What to do: What is wanted is an exact copy of all the entries.

[Caption-style text data]
+++++
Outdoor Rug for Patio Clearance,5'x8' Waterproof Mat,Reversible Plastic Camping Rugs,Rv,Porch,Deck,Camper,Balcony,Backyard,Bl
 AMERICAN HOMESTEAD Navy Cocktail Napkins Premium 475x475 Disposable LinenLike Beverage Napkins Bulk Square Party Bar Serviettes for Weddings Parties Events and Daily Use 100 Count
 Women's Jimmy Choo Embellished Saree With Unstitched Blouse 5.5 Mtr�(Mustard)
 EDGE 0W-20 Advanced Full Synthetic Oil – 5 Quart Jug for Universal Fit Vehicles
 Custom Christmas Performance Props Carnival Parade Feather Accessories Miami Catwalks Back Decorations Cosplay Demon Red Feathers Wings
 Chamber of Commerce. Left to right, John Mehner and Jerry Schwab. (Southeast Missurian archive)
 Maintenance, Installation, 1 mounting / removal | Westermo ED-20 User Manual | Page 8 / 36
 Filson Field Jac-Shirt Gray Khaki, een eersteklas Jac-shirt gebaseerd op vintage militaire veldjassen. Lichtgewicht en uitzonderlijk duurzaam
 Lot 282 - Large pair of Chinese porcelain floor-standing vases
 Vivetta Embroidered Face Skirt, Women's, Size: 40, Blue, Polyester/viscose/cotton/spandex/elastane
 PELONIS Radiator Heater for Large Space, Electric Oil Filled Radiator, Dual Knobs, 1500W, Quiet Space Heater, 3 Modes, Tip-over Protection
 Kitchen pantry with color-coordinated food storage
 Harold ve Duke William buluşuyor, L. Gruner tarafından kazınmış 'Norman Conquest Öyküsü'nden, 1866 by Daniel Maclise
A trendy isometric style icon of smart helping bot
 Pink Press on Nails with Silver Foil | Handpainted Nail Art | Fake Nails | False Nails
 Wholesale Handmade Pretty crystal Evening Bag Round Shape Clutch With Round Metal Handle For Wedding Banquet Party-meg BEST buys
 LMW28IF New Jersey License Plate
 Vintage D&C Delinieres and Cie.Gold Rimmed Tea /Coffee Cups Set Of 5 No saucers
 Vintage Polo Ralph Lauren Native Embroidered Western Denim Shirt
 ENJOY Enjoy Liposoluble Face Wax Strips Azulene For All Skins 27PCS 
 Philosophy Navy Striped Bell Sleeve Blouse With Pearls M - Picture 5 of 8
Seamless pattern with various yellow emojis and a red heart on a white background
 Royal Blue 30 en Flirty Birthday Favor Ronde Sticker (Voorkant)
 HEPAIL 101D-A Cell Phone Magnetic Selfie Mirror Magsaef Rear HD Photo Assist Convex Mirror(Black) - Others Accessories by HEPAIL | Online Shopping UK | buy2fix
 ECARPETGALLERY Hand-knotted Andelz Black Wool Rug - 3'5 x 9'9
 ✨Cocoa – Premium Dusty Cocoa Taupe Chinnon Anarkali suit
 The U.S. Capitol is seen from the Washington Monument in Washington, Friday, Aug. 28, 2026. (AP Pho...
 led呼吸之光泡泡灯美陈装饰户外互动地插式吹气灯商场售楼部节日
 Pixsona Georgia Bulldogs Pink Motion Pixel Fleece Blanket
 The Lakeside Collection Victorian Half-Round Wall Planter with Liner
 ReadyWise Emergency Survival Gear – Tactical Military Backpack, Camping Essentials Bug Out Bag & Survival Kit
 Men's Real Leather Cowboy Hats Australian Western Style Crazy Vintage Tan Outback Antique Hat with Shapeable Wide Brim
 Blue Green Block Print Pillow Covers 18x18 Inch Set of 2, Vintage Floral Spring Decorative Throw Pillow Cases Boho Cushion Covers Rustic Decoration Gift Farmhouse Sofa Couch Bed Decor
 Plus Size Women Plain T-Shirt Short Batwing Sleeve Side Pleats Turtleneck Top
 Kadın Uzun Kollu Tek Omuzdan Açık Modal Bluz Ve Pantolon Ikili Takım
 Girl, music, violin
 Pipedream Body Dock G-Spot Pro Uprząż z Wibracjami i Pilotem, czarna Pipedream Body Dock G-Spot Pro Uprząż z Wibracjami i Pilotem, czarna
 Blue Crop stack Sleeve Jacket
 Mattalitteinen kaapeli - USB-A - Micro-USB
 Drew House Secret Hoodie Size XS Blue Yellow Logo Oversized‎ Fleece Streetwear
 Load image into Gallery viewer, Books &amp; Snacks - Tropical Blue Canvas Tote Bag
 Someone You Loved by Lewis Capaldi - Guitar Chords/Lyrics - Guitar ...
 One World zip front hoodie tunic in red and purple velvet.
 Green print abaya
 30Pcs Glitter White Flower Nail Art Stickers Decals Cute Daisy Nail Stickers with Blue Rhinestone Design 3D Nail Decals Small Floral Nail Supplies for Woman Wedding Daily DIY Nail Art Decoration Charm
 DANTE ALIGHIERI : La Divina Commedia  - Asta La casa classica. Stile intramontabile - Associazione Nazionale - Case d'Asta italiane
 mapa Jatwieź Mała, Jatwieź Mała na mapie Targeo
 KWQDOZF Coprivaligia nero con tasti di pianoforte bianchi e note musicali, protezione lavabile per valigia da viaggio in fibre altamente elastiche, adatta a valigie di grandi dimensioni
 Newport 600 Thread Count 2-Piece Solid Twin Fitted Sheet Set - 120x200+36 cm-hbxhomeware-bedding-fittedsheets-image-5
+++++
The completed task:
Outdoor Rug for Patio Clearance,5'x8' Waterproof Mat,Reversible Plastic Camping Rugs,Rv,Porch,Deck,Camper,Balcony,Backyard,Bl
 AMERICAN HOMESTEAD Navy Cocktail Napkins Premium 475x475 Disposable LinenLike Beverage Napkins Bulk Square Party Bar Serviettes for Weddings Parties Events and Daily Use 100 Count
 Women's Jimmy Choo Embellished Saree With Unstitched Blouse 5.5 Mtr�(Mustard)
 EDGE 0W-20 Advanced Full Synthetic Oil – 5 Quart Jug for Universal Fit Vehicles
 Custom Christmas Performance Props Carnival Parade Feather Accessories Miami Catwalks Back Decorations Cosplay Demon Red Feathers Wings
 Chamber of Commerce. Left to right, John Mehner and Jerry Schwab. (Southeast Missurian archive)
 Maintenance, Installation, 1 mounting / removal | Westermo ED-20 User Manual | Page 8 / 36
 Filson Field Jac-Shirt Gray Khaki, een eersteklas Jac-shirt gebaseerd op vintage militaire veldjassen. Lichtgewicht en uitzonderlijk duurzaam
 Lot 282 - Large pair of Chinese porcelain floor-standing vases
 Vivetta Embroidered Face Skirt, Women's, Size: 40, Blue, Polyester/viscose/cotton/spandex/elastane
 PELONIS Radiator Heater for Large Space, Electric Oil Filled Radiator, Dual Knobs, 1500W, Quiet Space Heater, 3 Modes, Tip-over Protection
 Kitchen pantry with color-coordinated food storage
 Harold ve Duke William buluşuyor, L. Gruner tarafından kazınmış 'Norman Conquest Öyküsü'nden, 1866 by Daniel Maclise
A trendy isometric style icon of smart helping bot
 Pink Press on Nails with Silver Foil | Handpainted Nail Art | Fake Nails | False Nails
 Wholesale Handmade Pretty crystal Evening Bag Round Shape Clutch With Round Metal Handle For Wedding Banquet Party-meg BEST buys
 LMW28IF New Jersey License Plate
 Vintage D&C Delinieres and Cie.Gold Rimmed Tea /Coffee Cups Set Of 5 No saucers
 Vintage Polo Ralph Lauren Native Embroidered Western Denim Shirt
 ENJOY Enjoy Liposoluble Face Wax Strips Azulene For All Skins 27PCS 
 Philosophy Navy Striped Bell Sleeve Blouse With Pearls M - Picture 5 of 8
Seamless pattern with various yellow emojis and a red heart on a white background
 Royal Blue 30 en Flirty Birthday Favor Ronde Sticker (Voorkant)
 HEPAIL 101D-A Cell Phone Magnetic Selfie Mirror Magsaef Rear HD Photo Assist Convex Mirror(Black) - Others Accessories by HEPAIL | Online Shopping UK | buy2fix
 ECARPETGALLERY Hand-knotted Andelz Black Wool Rug - 3'5 x 9'9
 ✨Cocoa – Premium Dusty Cocoa Taupe Chinnon Anarkali suit
 The U.S. Capitol is seen from the Washington Monument in Washington, Friday, Aug. 28, 2026. (AP Pho...
 led呼吸之光泡泡灯美陈装饰户外互动地插式吹气灯商场售楼部节日
 Pixsona Georgia Bulldogs Pink Motion Pixel Fleece Blanket
 The Lakeside Collection Victorian Half-Round Wall Planter with Liner
 ReadyWise Emergency Survival Gear – Tactical Military Backpack, Camping Essentials Bug Out Bag & Survival Kit
 Men's Real Leather Cowboy Hats Australian Western Style Crazy Vintage Tan Outback Antique Hat with Shapeable Wide Brim
 Blue Green Block Print Pillow Covers 18x18 Inch Set of 2, Vintage Floral Spring Decorative Throw Pillow Cases Boho Cushion Covers Rustic Decoration Gift Farmhouse Sofa Couch Bed Decor
 Plus Size Women Plain T-Shirt Short Batwing Sleeve Side Pleats Turtleneck Top
 Kadın Uzun Kollu Tek Omuzdan Açık Modal Bluz Ve Pantolon Ikili Takım
 Girl, music, violin
 Pipedream Body Dock G-Spot Pro Uprząż z Wibracjami i Pilotem, czarna Pipedream Body Dock G-Spot Pro Uprząż z Wibracjami i Pilotem, czarna
 Blue Crop stack Sleeve Jacket
 Mattalitteinen kaapeli - USB-A - Micro-USB
 Drew House Secret Hoodie Size XS Blue Yellow Logo Oversized‎ Fleece Streetwear
 Load image into Gallery viewer, Books &amp; Snacks - Tropical Blue Canvas Tote Bag
 Someone You Loved by Lewis Capaldi - Guitar Chords/Lyrics - Guitar ...
 One World zip front hoodie tunic in red and purple velvet.
 Green print abaya
 30Pcs Glitter White Flower Nail Art Stickers Decals Cute Daisy Nail Stickers with Blue Rhinestone Design 3D Nail Decals Small Floral Nail Supplies for Woman Wedding Daily DIY Nail Art Decoration Charm
 DANTE ALIGHIERI : La Divina Commedia  - Asta La casa classica. Stile intramontabile - Associazione Nazionale - Case d'Asta italiane
 mapa Jatwieź Mała, Jatwieź Mała na mapie Targeo
 KWQDOZF Coprivaligia nero con tasti di pianoforte bianchi e note musicali, protezione lavabile per valigia da viaggio in fibre altamente elastiche, adatta a valigie di grandi dimensioni
 Newport 600 Thread Count 2-Piece Solid Twin Fitted Sheet Set - 120x200+36 cm-hbxhomeware-bedding-fittedsheets-image-5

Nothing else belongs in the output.